Start of Supplied entries

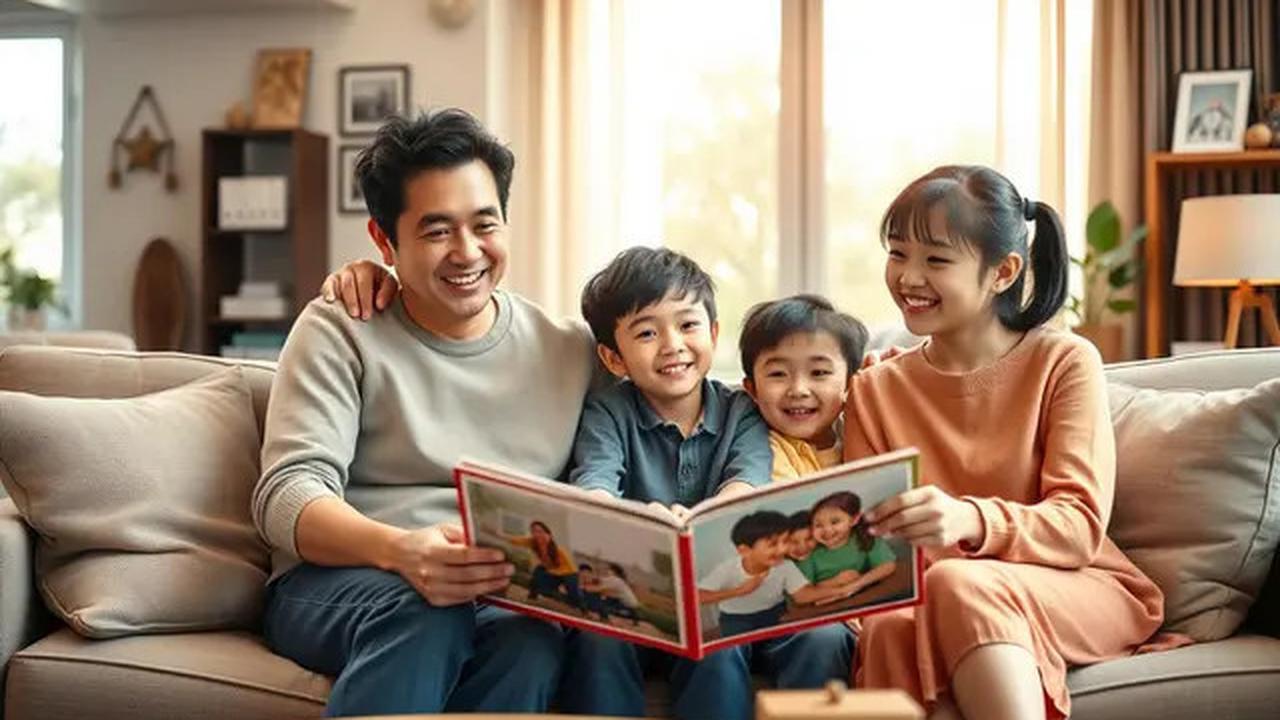 Ciri Suami Penyayang yang Membuat Rumah Tangga Harmonis
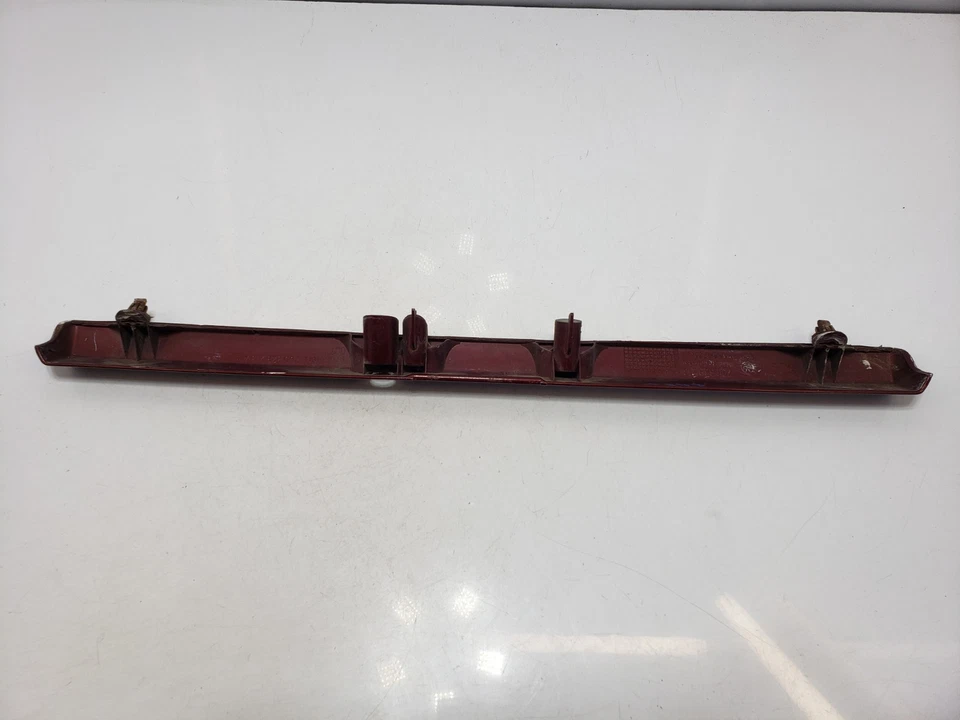 ✅ 99-03 OEM Volkswagen Eurovan GLS puerta trasera escotilla maletero moldura moldura rojo Foto 4 de 4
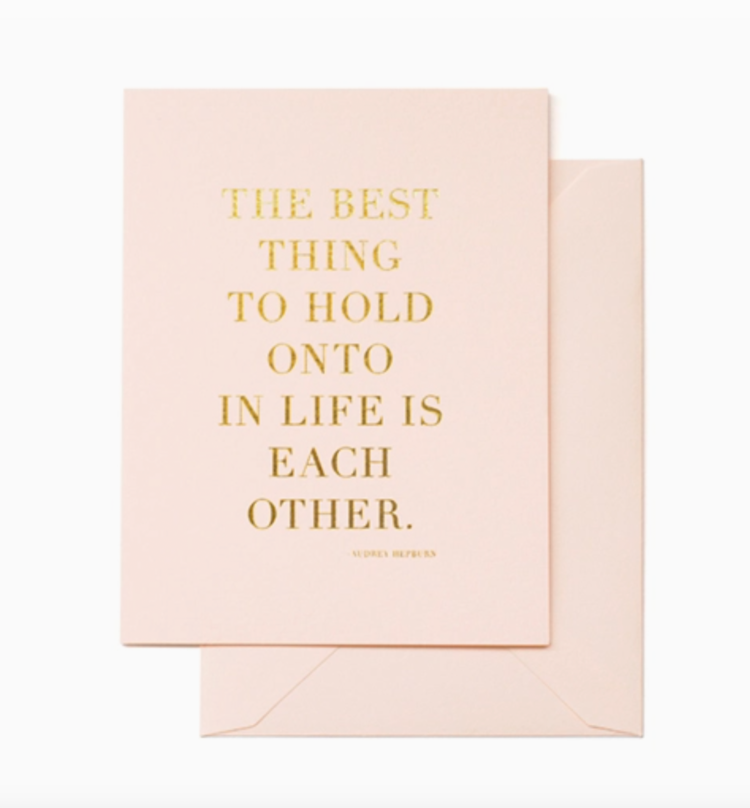 Sugar Paper The Best Thing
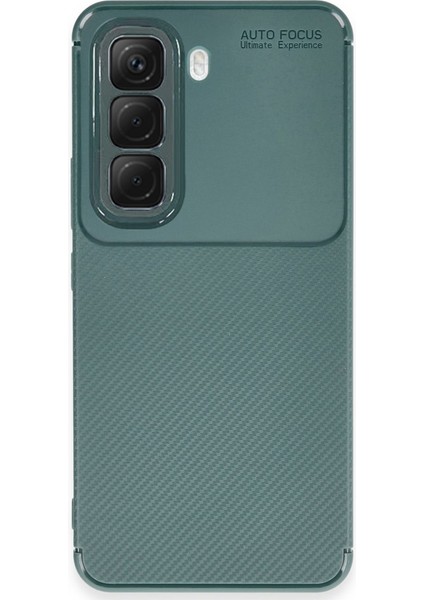 Infinix Hot 50I / Smart 9 Kılıf Karbon Silikon Case Kapak fiyatları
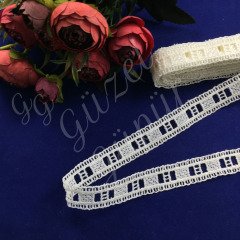 G 112 Güpür Krem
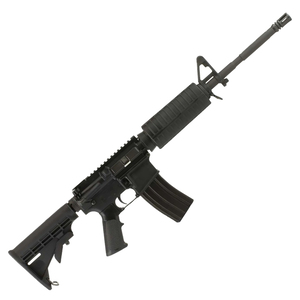 Windham Weaponry 5.56mm NATO 16in Black Anodized Semi Automatic Modern Sporting Rifle - 30+1 Rounds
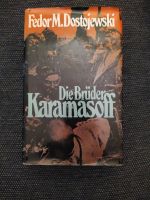 Buch: Die Brüder Karamasiff von Dostojewski Friedrichshain-Kreuzberg - Friedrichshain Vorschau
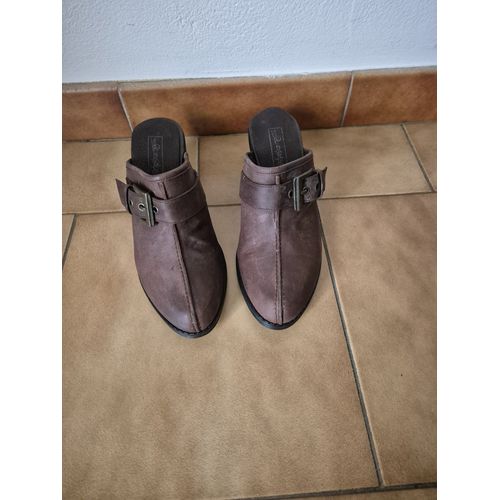Chaussure Femme En Cuir Pointure 40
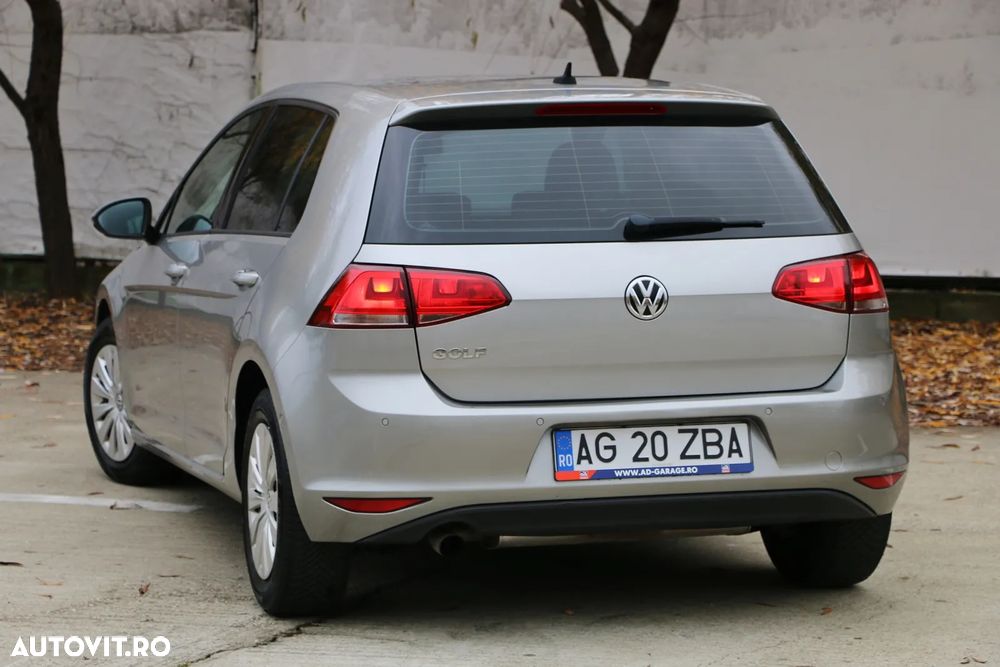 Volkswagen Golf 1.2 TSI Style - 8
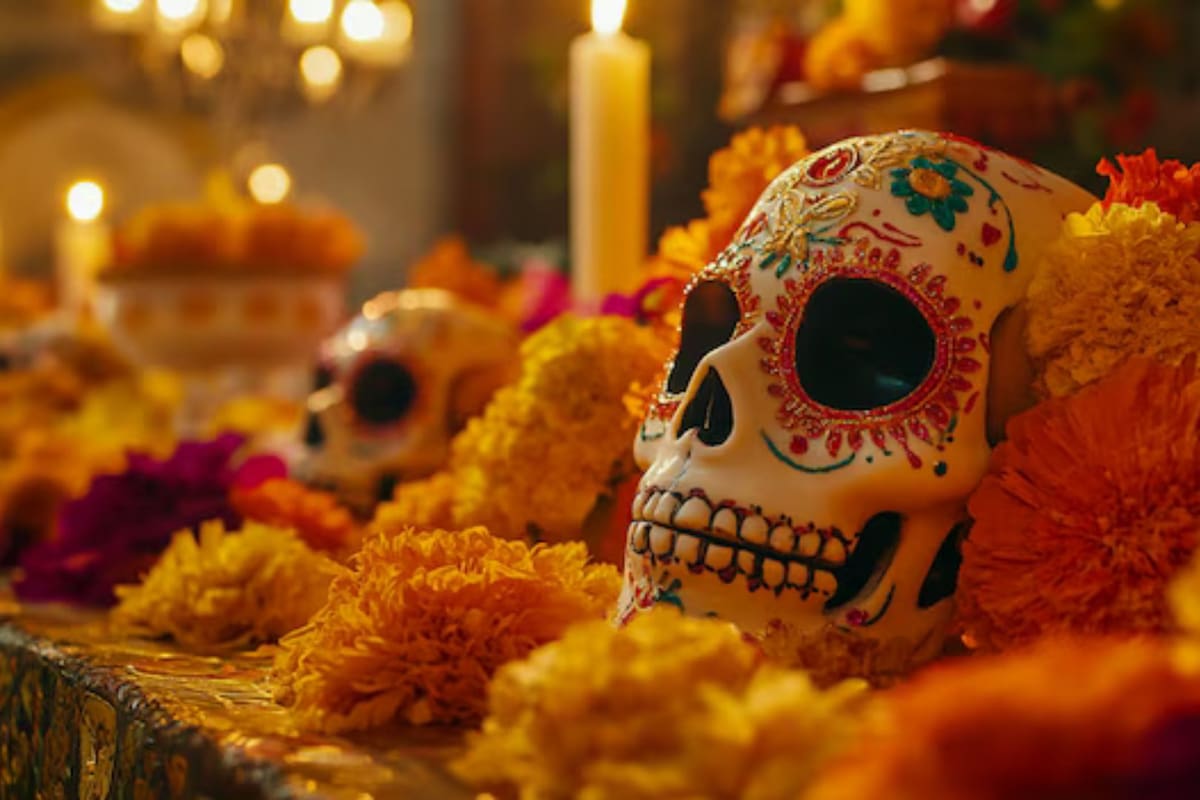 ¿Adiós flores de cempasúchil? Xochimilco reporta pérdidas de casi medio millón de pesos por lluvias
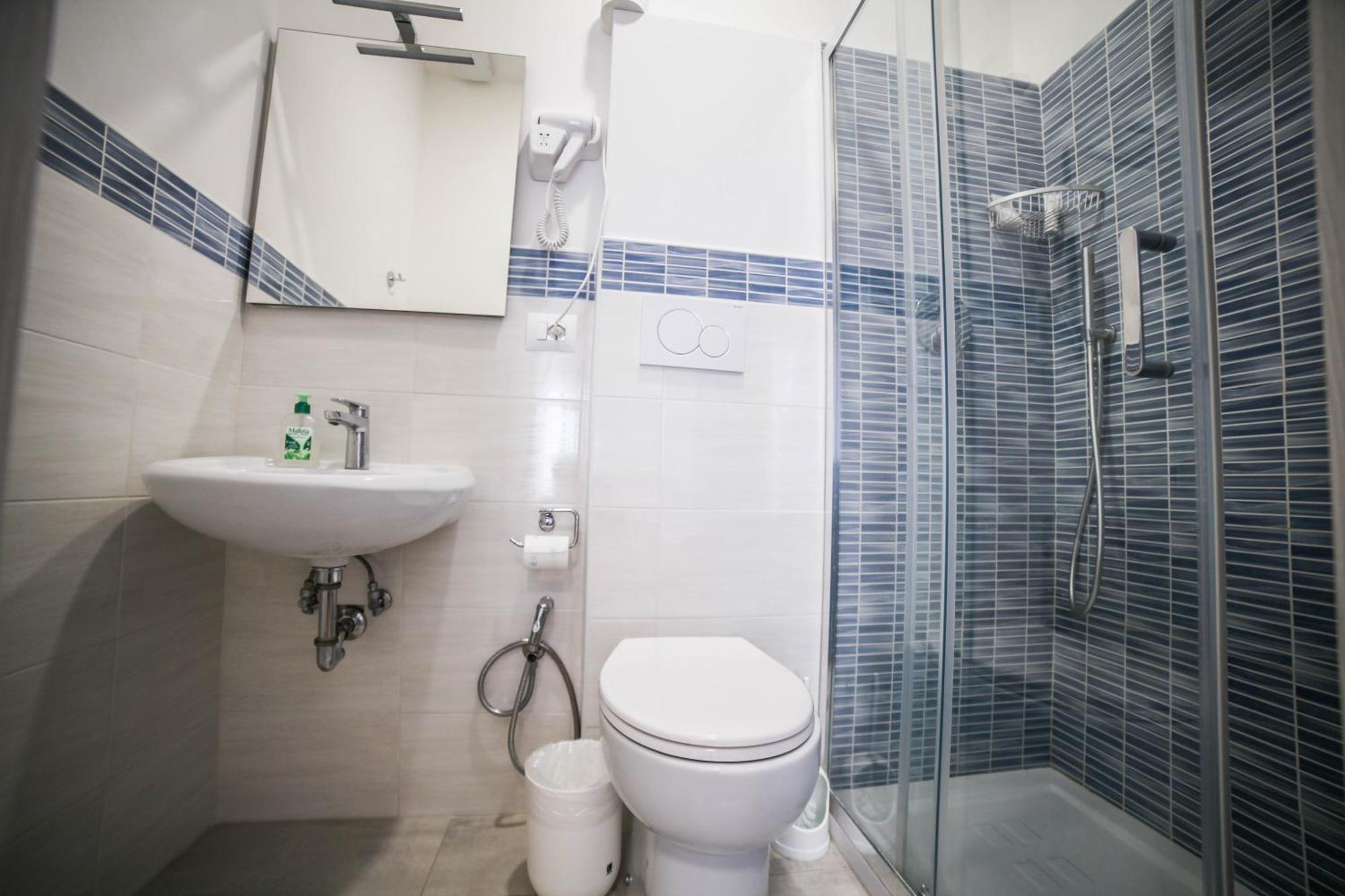 Cosmo Guesthouse Řím Exteriér fotografie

End of Supplied entries

| What you should do |
All that should appear in the answer is the lines above from the line with "Windham Weaponry 5.56mm" through the line with "pesos por lluvias", retyped exactly, pictures left out.

| Reply to the exercise |
 Windham Weaponry 5.56mm NATO 16in Black Anodized Semi Automatic Modern Sporting Rifle - 30+1 Rounds
 Buch: Die Brüder Karamasiff von Dostojewski Friedrichshain-Kreuzberg - Friedrichshain Vorschau
Chaussure Femme En Cuir Pointure 40
 Volkswagen Golf 1.2 TSI Style - 8
 ¿Adiós flores de cempasúchil? Xochimilco reporta pérdidas de casi medio millón de pesos por lluvias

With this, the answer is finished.